● TASK OBJECTIVE: Everything from the line holding "Yamaha TMAX 530 2015" through the final line of the records is to be transcribed exactly, except pictures, and nothing beyond that.

● DATA TO PROCESS:
----
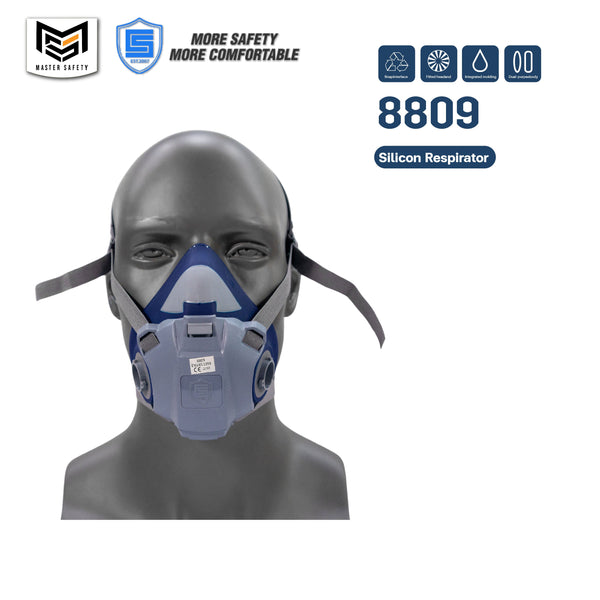 CS-8809/เทา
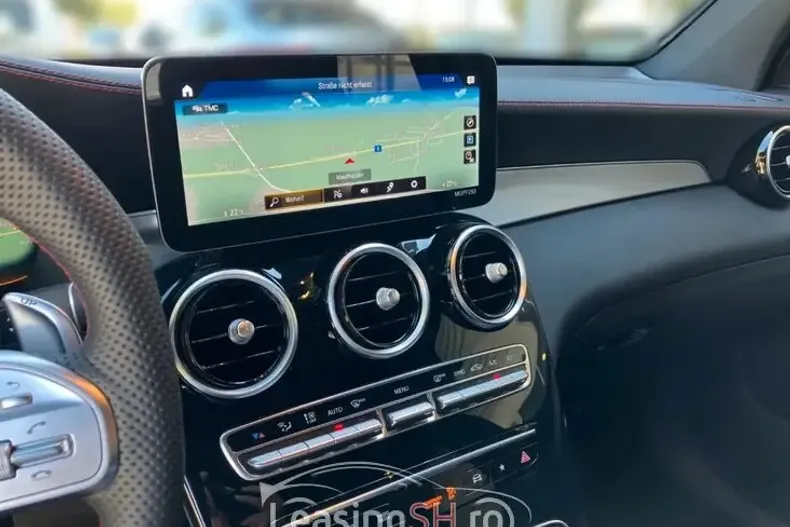 Mercedes-Benz 43 AMG din 2022 cu 15.021 km - oferta MER98070 - foto 4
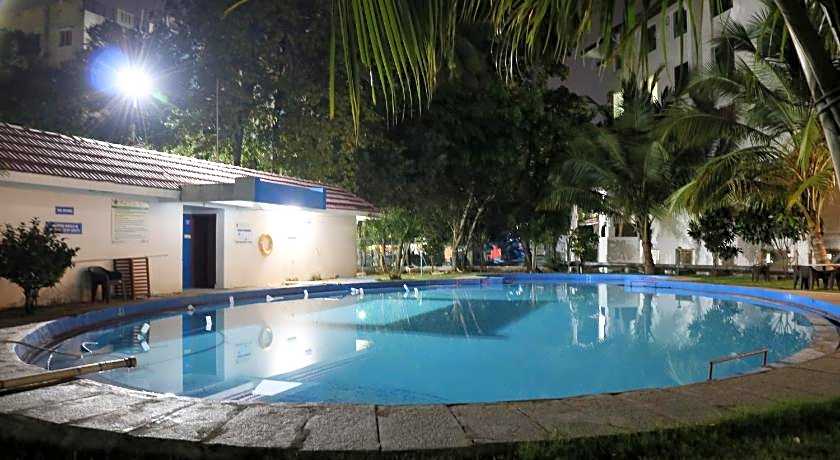 Ramee Guestline Hotel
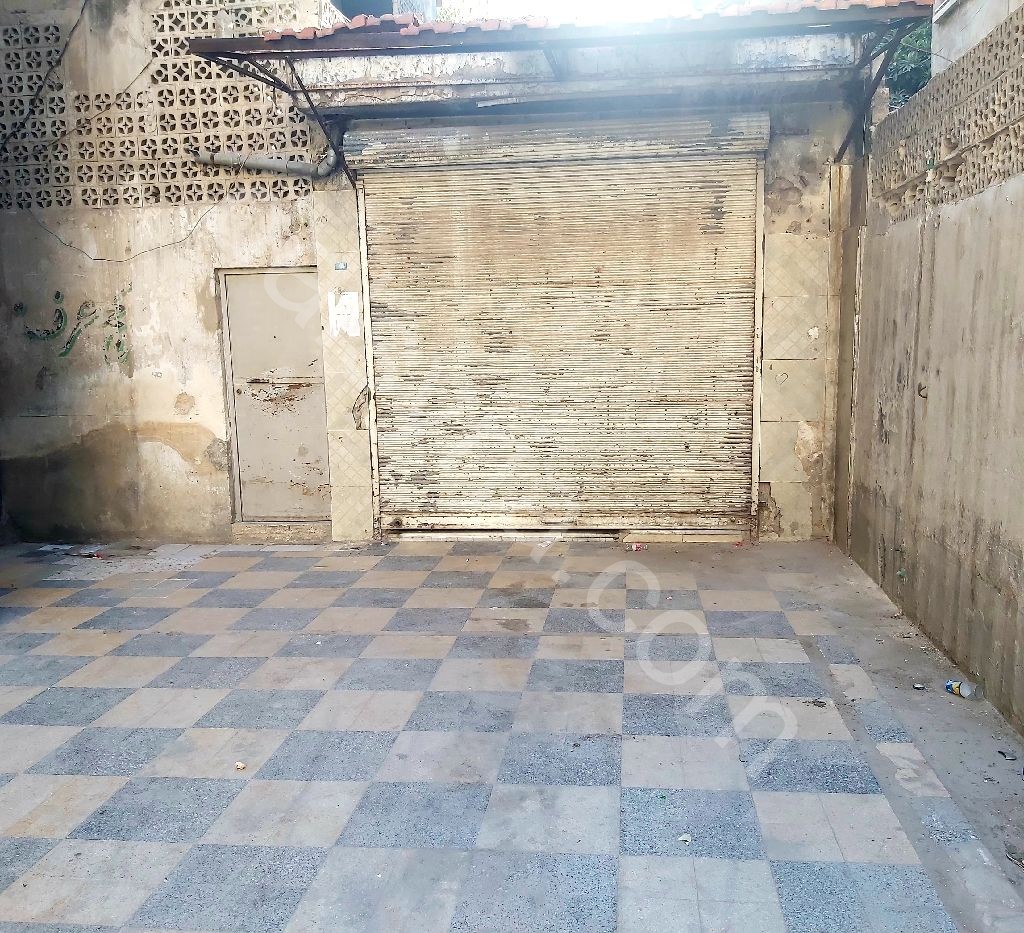 للإيجار محل 21 في حلب 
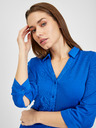 Orsay Μπλε γυναικεία μπλούζα ORSAY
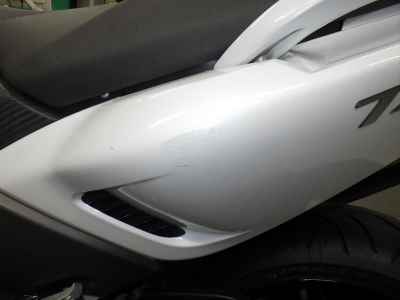 Yamaha TMAX 530 2015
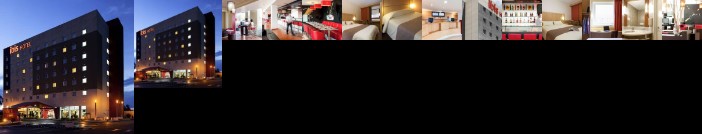 Ibis Aguascalientes Norte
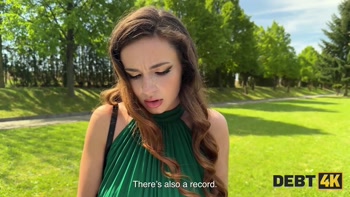 DEBT4k. Payback, BITCH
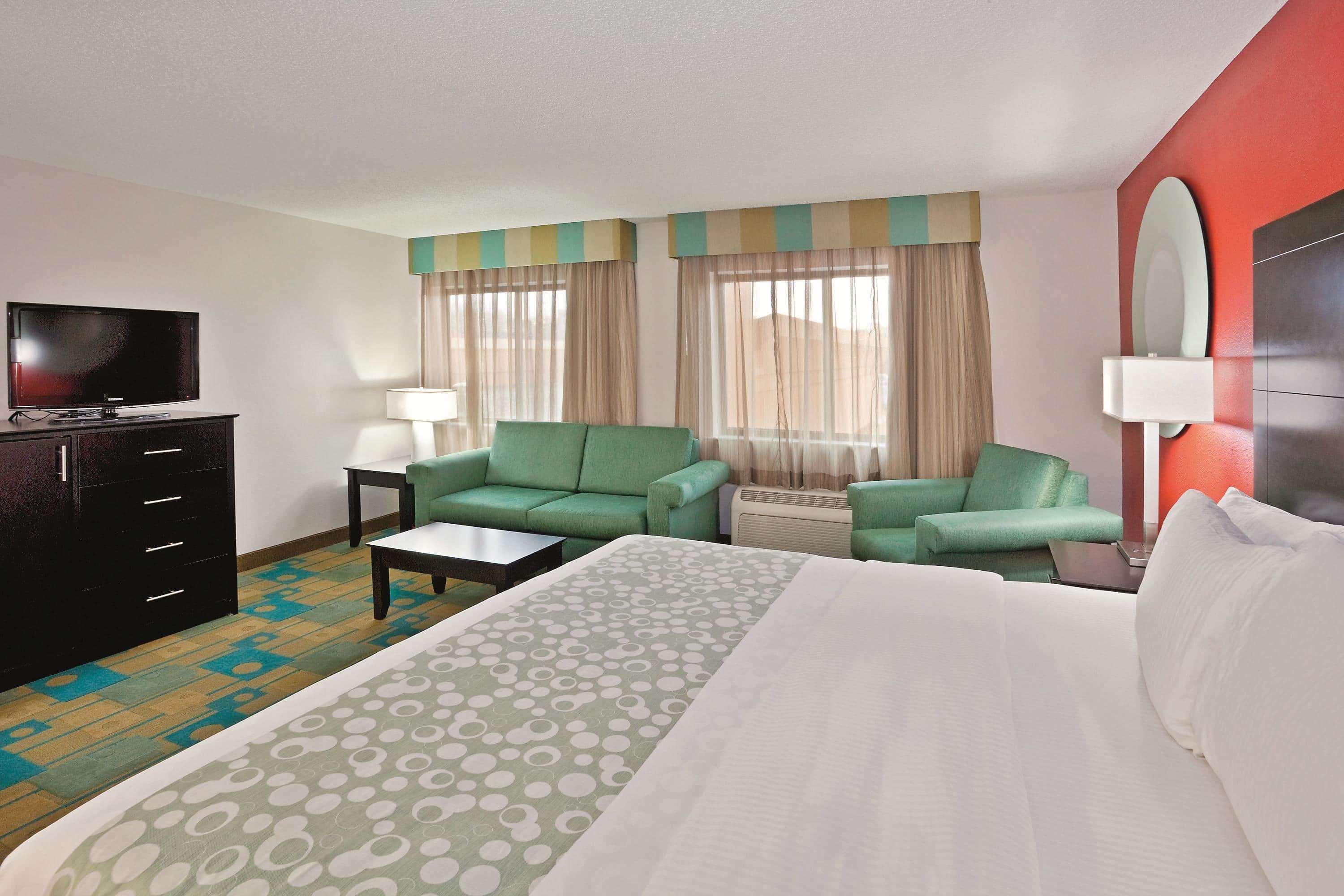 La Quinta By Wyndham Mansfield Oh Ξενοδοχείο Εξωτερικό φωτογραφία
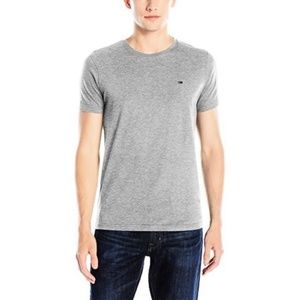 Tommy Hilfiger Denim Original Crew Neck T-Shirt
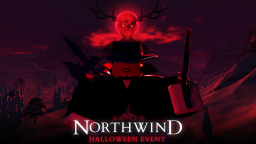 NORTHWIND Discord Server Banner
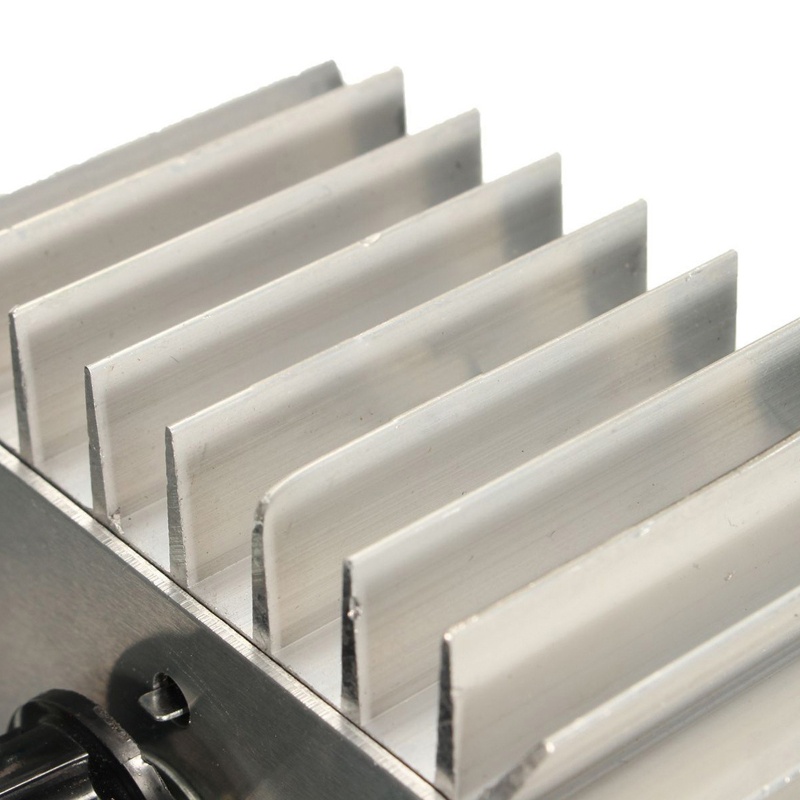 Bộ Điều Chỉnh Tốc Độ Động Cơ Nev 220V 5000W SCR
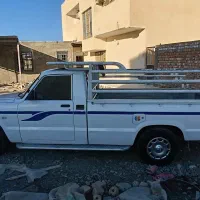 فروش مزدا وانت مدل۹۹|خودرو سواری و وانت|ایرانشهر, |دیوار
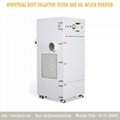 Industrial Factory Use Electrostatig Fume Air Purifier
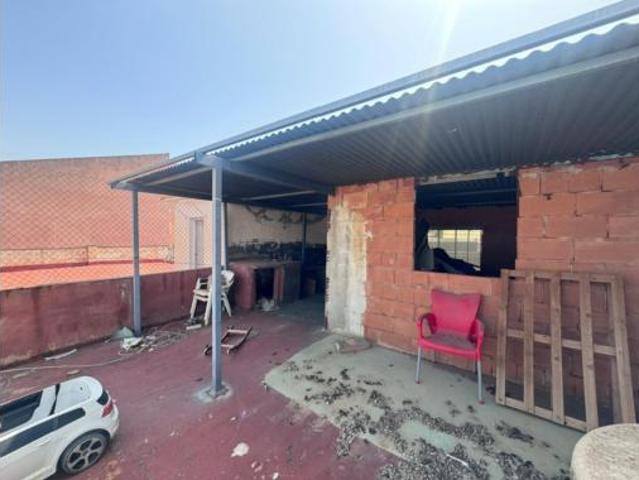Chalet en venta en Ciudad Jardín, Málaga
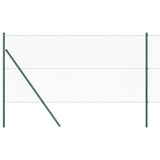 Ground Fix Welded Wire Fence 100 x 1.6 m 3352758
----
● SOLUTION BELOW:
 Yamaha TMAX 530 2015
 Ibis Aguascalientes Norte
 DEBT4k. Payback, BITCH
 La Quinta By Wyndham Mansfield Oh Ξενοδοχείο Εξωτερικό φωτογραφία
 Tommy Hilfiger Denim Original Crew Neck T-Shirt
 NORTHWIND Discord Server Banner
 Bộ Điều Chỉnh Tốc Độ Động Cơ Nev 220V 5000W SCR
 فروش مزدا وانت مدل۹۹|خودرو سواری و وانت|ایرانشهر, |دیوار
 Industrial Factory Use Electrostatig Fume Air Purifier
Chalet en venta en Ciudad Jardín, Málaga
 Ground Fix Welded Wire Fence 100 x 1.6 m 3352758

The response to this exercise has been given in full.